Well said Bryan!!! Another problem is the uncritical citing of either unnamed sources or third hand quotes from sources of questionable repute. Unfortunately, the latter is par for the course these days in so-called "news reporting" or pretentions at "substantive argumentation" on complex issues not admitting of easy "black and white" solutions thereof.{4}

This story is one of the more irresponsible uses of anonymous sources in the past couple of years, all the more so because its subject, the NIE, and the public's carefully shaped opinion of it will play a significant role shaping our nation's war strategy for the next year or two.

Agreed Bryan. But that is what happens with ideologues unfortunately{5} and the Libertarian are certainly not immune in that area themselves.

MORE: Roger Simon has similar thoughts.

Which are IMHO worth reading also...

UPDATE: Here's some cogent commentary on the NIE from Raymond Tanter, former member of the Reagan administration:

The link has disappeared and I do not have time to track it down at the moment. Nonetheless, Bryan's trackrecord for accurate source citation will be given the benefit of any doubt from here on in this subject matter...

The intelligence estimate is contradictory-reflecting disagreement within the community. On one hand, the estimate is reassuring: Iran is alleged to be about ten years away from getting the bomb. On the other hand, the estimate is worrisome: "It is the judgment of the intelligence community that, left to its own devices, Iran is determined to build nuclear weapons," according to the Washington Post article.

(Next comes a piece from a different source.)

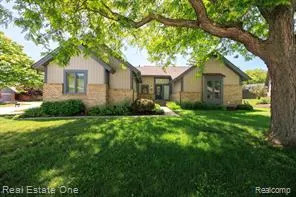 $500,000 | 986 River Bend Drive, Rochester Hills, MI 48307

The intelligence estimate has been overtaken by events: "The estimate fails to take into account the June 2005 Iranian elections," according to Professor Raymond Tanter, co chair of the Iran Policy Committee, a Washington-based think tank. "Elections in Iran produced a consolidation of power under the Supreme Leader Khamenei and should accelerate the nuclear weapons pace by Tehran," according to Tanter.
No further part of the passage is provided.